Taxis and takeout are not the problem

A few days ago, I returned to the office with a $17 “warm harissa bowl” — the kind of purchase personal finance experts love to wag their fingers at.

In the lunchroom, I ran into a colleague who waved at me excitedly. She’d brought her lunch that day for the first time, to help offset a new expense: $60 a week on taxis.

“Isn’t that crazy,” she said, her voice lowered apologetically. “I mean, to spend that much money on a taxi when there’s public transport right outside?”

Absolutely not, because here’s how I see it: her taxi rides weren’t a problem, and neither was my salad.

Standard personal finance advice has lots of rules about how to spend your money.

  • Skip the take-out salad – make your own lunch instead.

  • Skip the after-lunch coffee shop run – make it at home in the morning and carry it around with you.

  • Skip the avocado toast – that’s the reason you can’t afford a house.

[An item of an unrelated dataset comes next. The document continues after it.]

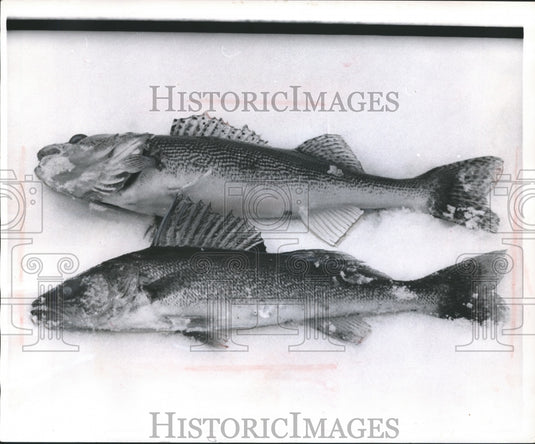 1961 Press Photo Sauger fish looks very much like Walleye - mjb15607 - Historic Images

But here’s what real life looks like.

My colleague works her butt off all day at the office and then heads uptown to teach. She could take a cross-town bus and then a subway uptown, but nailing the connections to arrive on time is tricky. Plus, it’s stressful, as anyone who has navigated midtown Manhattan at rush hour knows.

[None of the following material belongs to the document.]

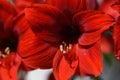 The Red Amaryllis Royalty Free Stock Photo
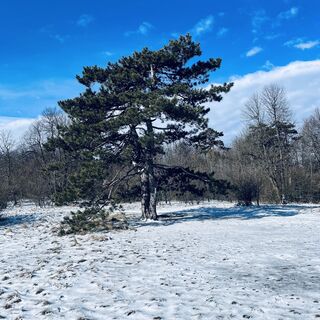 Foto de Bacskai János a lo largo del recorrido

The taxis not only get her there without the hassle, they also provide a small respite on a busy day. A chance for her to catch her breath. A transition period from one job to the next.

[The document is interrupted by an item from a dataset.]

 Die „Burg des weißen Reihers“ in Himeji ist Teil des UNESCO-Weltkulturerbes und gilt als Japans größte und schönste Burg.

I bought a $17 salad because that morning my partner came home from pulling an all-nighter at the office, and we spent an hour gabbing over coffee. Because our work schedules don’t overlap, I take those moments to connect when I can.

As a result, I didn’t make my own lunch and chose to outsource it instead.

Too often, standard personal finance advice shames us for our choices. If you’re meeting your commitments and moving towards your goals, then you’re not doing things “right” if you skip the taxi or the take-out. What matters is whether you did so intentionally. It’s whether your spending lines up with your values.

I’m not saying you should always say yes to taxis and takeout. I’m saying there is only value in saying no to those things if you’re saying yes to something else that’s more important to you. Otherwise, you’re just paying lip service to doing what’s “right”.

Real wealth doesn’t come from skipping lattes or always taking the subway – it comes from directing your money to what’s important to you.